Software on-demand : In software-on-demand type of hosting, there is no division between licensing and hosting fees, and there is little or no customization of software for customers.
I was exchanging notes on this topic with a few peers at Infosys on this, and Freddi Gyara wrote back:
I’ll take the liberty to indulge in some personal examples – In ’97, I worked on some programs for a company for Dendrite. They provide a CRM (the term wasn’t coined as yet) solution specifically for Pharmas. They host the entire server infrastructure (and in those days banks of modems) and undertake the installations of management of fat clients. They used to call it “managed software” in those days.
Similarly, Srinivas J. takes a developer view on SaaS to explore what it would mean:
More than ever the interface to service becomes critical. OO-SOA-SaaS the stress on proper interfaces increases. Since so far in core business areas this has been our Achilles heel in most projects, now more than ever design of interfaces becomes critical. Teams will need good functional members who can abstract the functionality enough for architects/designers to create interfaces or more likely the architects will need to understand functionality deep enough to abstract them.
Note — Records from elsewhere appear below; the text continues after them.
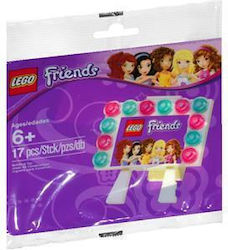 Lego Friends Polybag for 6+ Years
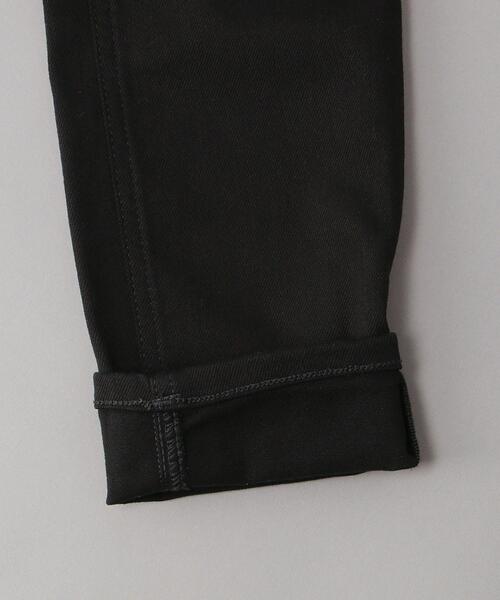 Acne Studios（アクネストゥディオズ）の「＜Acne Studios＞PEG BLK デニムパンツ Ψ（デニムパンツ・レディース・ブラック・24/26/27/25）」の8枚目の写真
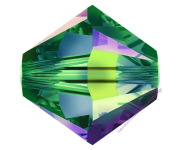 Бусина Кристалл Swarovski Crystal Vitrail Medium (001 VM) 4 мм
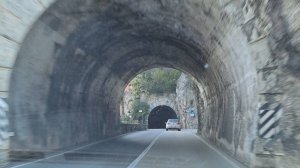 Тоннели в горах Италии 2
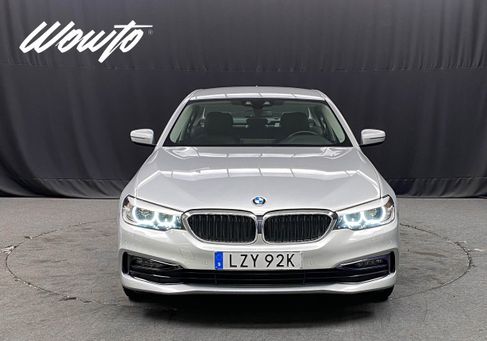 BMW 520, 2019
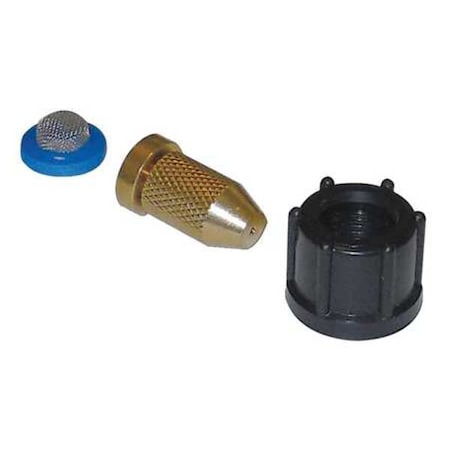 Solo Nozzle Kit, Brass 0610410P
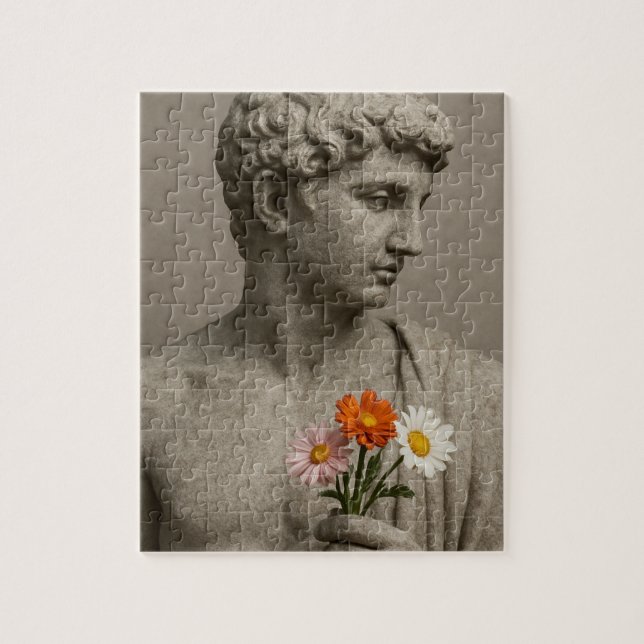 stone jigsaw puzzle (Vertical)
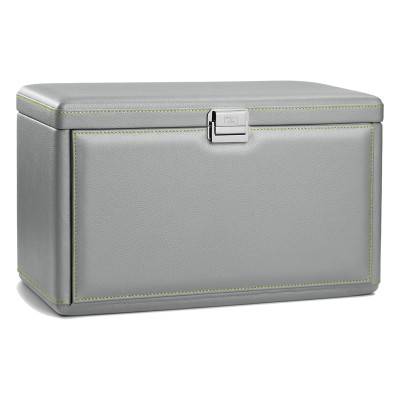 Remontoir de Montre 7RT Gris/Green 02069.GGRSIL - Scatola del Tempo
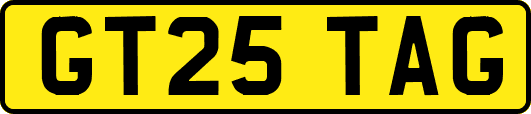 GT25TAG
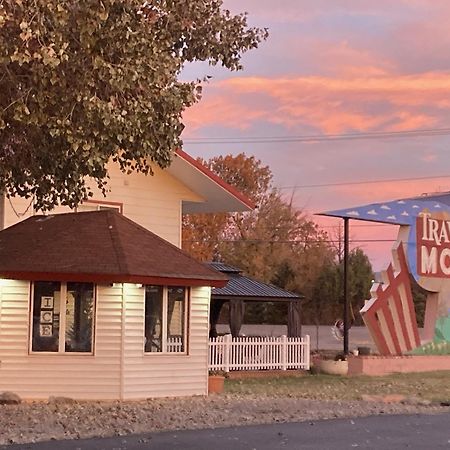 Travel Inn Motel Canon City Exterior foto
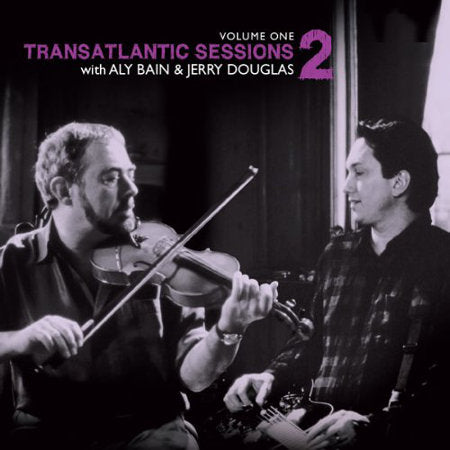 cover image for BBC Transatlantic Sessions (Series 2) vol 1 CD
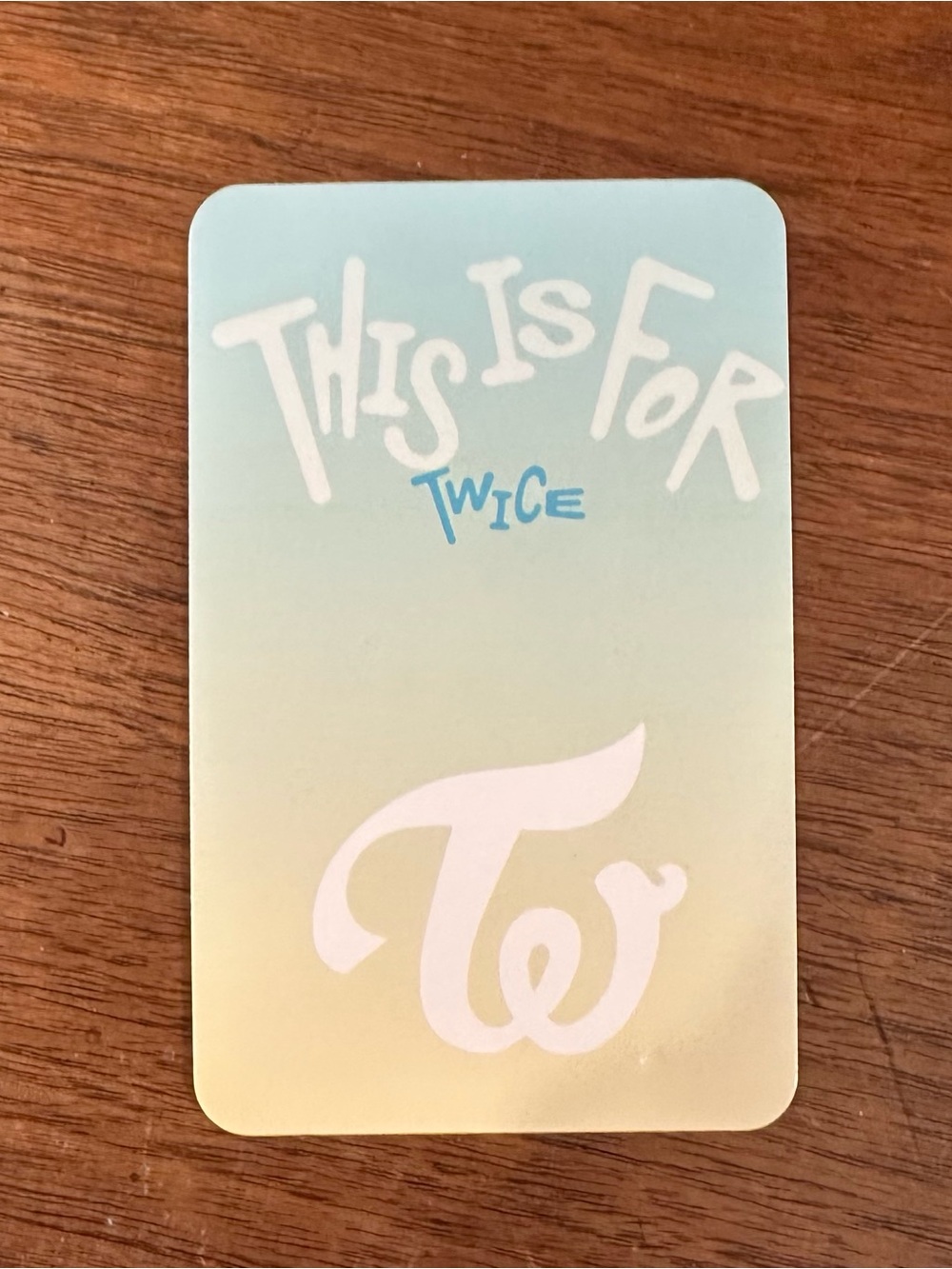 Twice handmade mystery packs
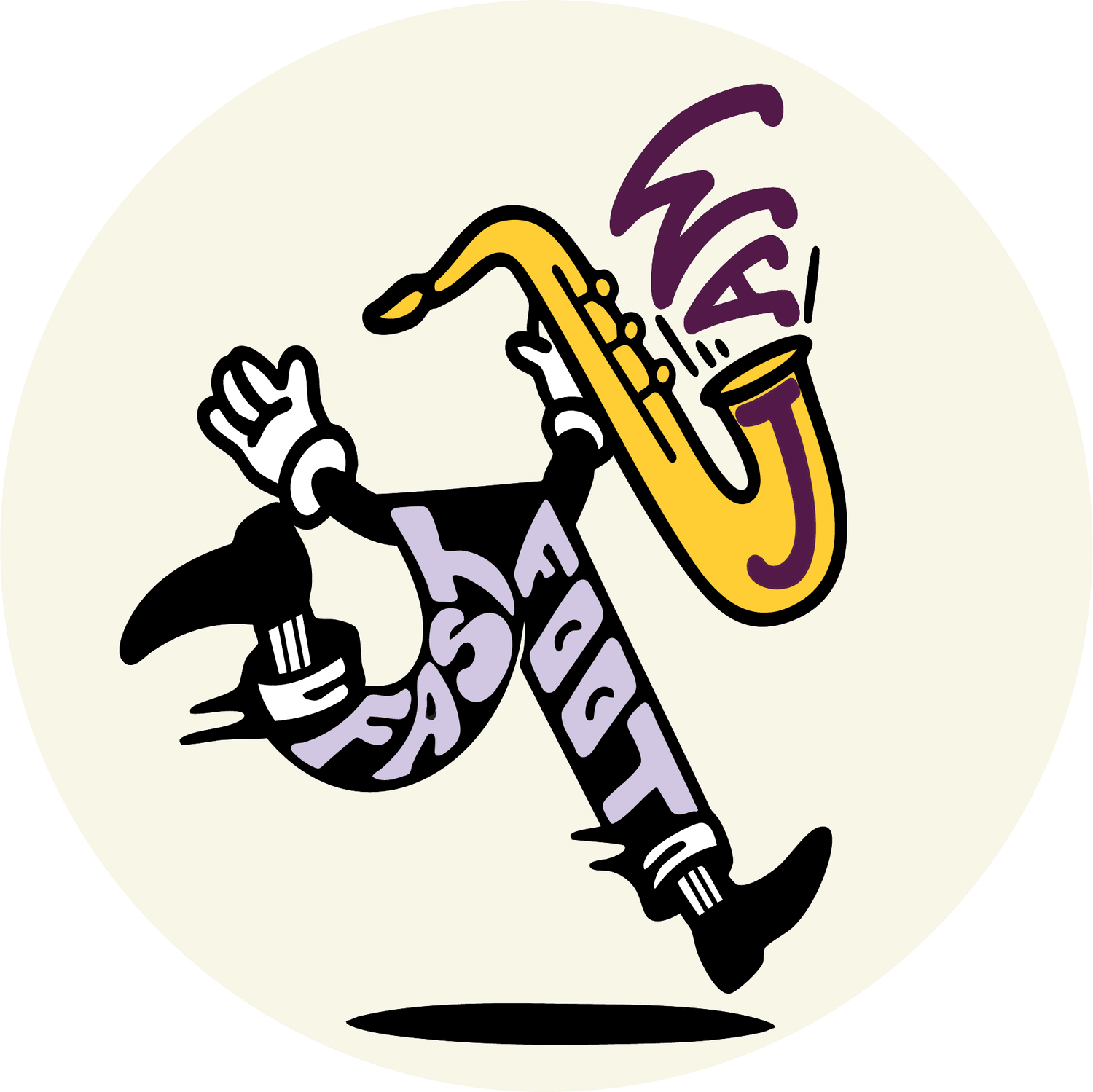 Fast Foot Jam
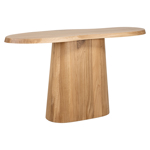 Sidetable Riva naturel eiken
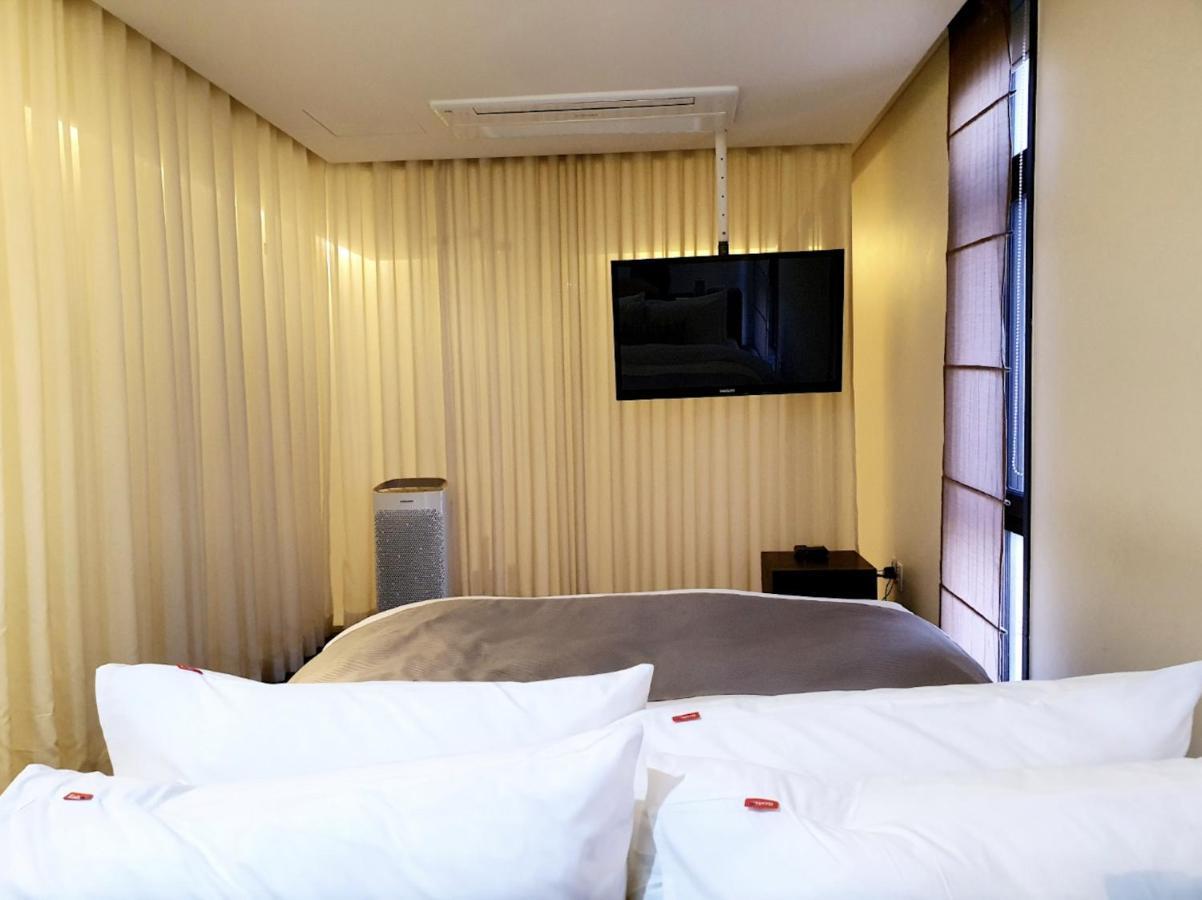 Js Boutique Hotel Hwaseong Ngoại thất bức ảnh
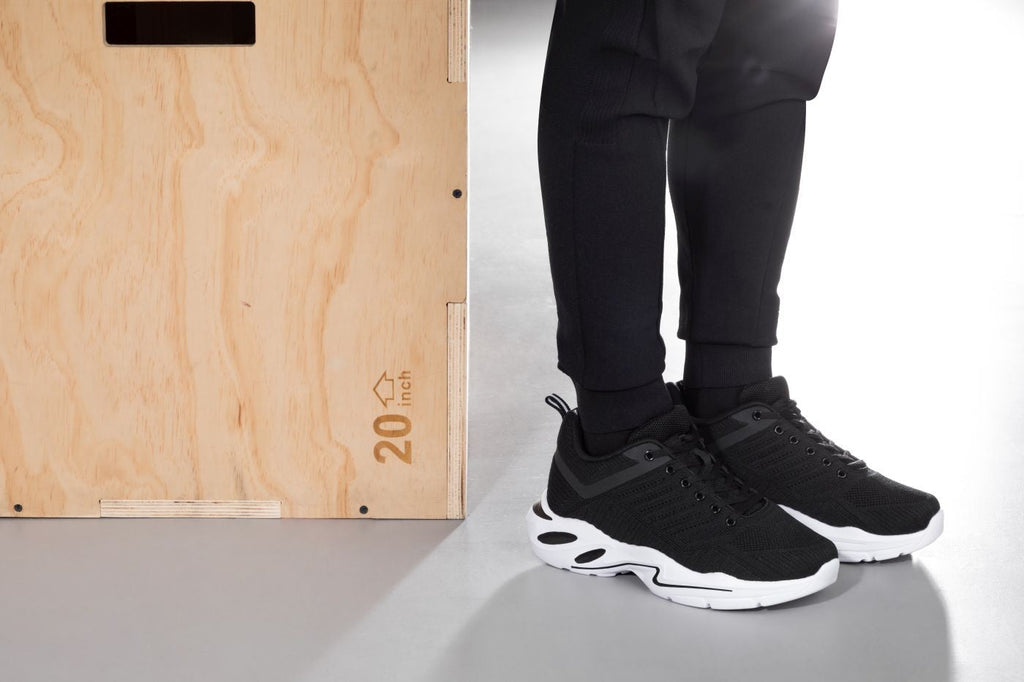(Black/White) - Super Lightweight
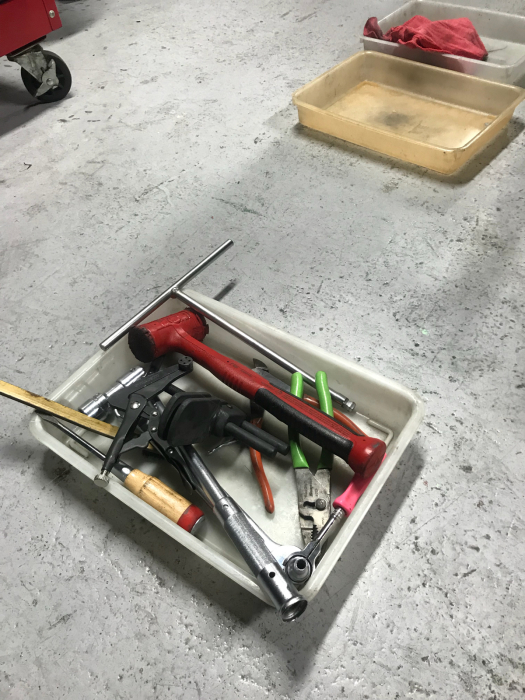 今週は 車検・整備 と 2台♪_c0227496_21532056.jpg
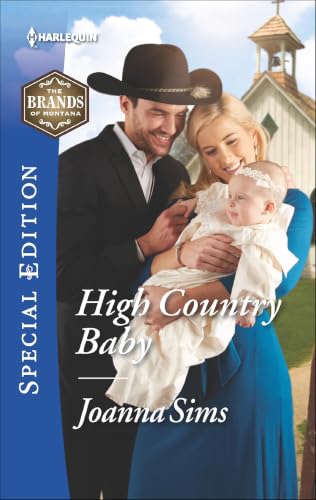 High Country Baby (The Brands of Montana Book 3)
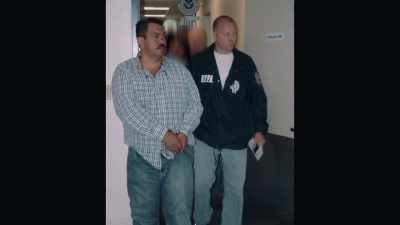 Homeland Security was there
to do the paperwork - Drug Lords: The Next Generation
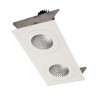 PSM Lighting Ø100 Luxor Xtm.1300.10049.S2 Recessed Spot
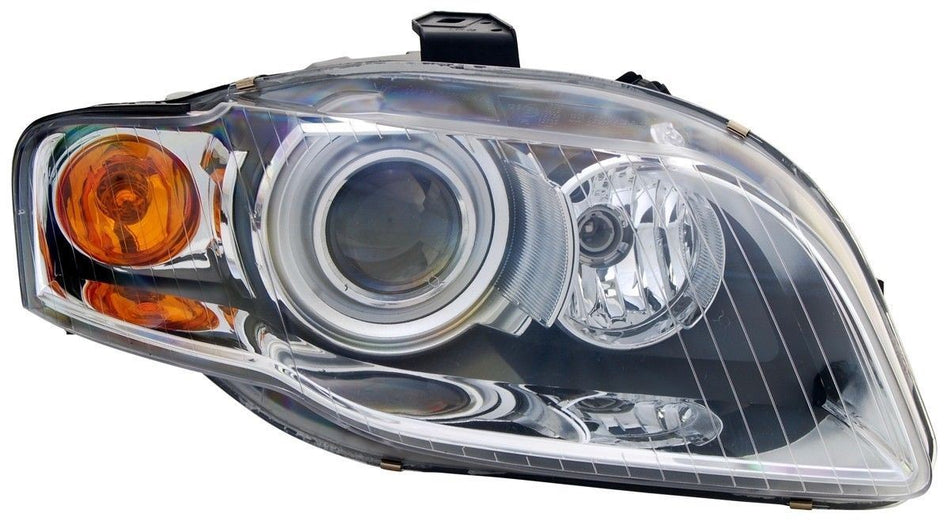 Audi A4 B7 Right Headlight, Magneti Marelli OEM, OEM 8E0941030BC - View 2
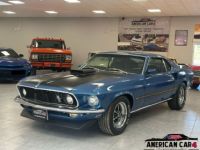 Ford Mustang fastback mach 1 1969 v8 390ci boite auto - <small></small> 85.990 € <small>TTC</small> - #1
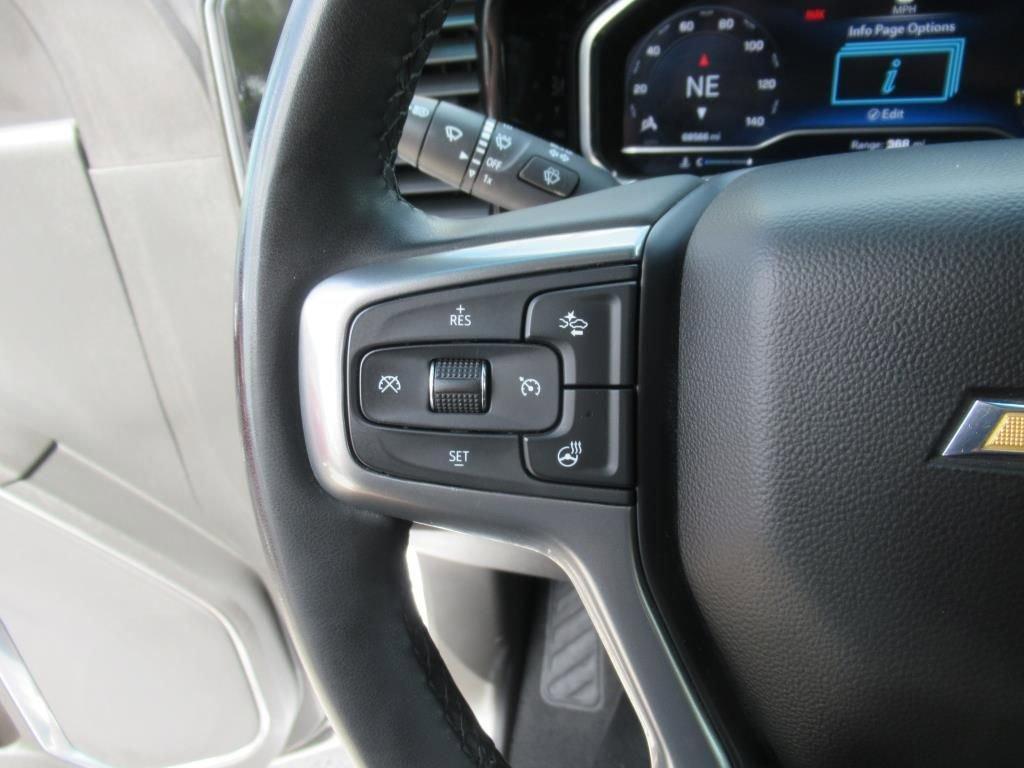 used 2024 Chevrolet Silverado 2500 car, priced at $49,015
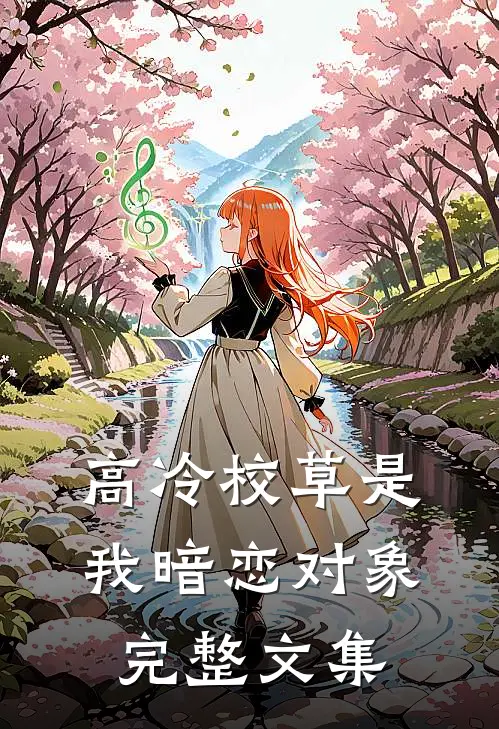 高冷校草是我暗恋对象完整文集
He also muses that with SaaS, Frameworks would mature to a point where varied deployment modes can be done in a non intrusive way.
Now, Managed software has been around for a while, right? So, what is all the hoopla over SaaS?
. . . Unless we decided to add offshoring as a twist. Software services – development, maintenance, testing etc – continues to move offshore. And if Software is being viewed as a services, what about Offshoring Software Services…
Well, we just would have to come up with another acronym for this, right?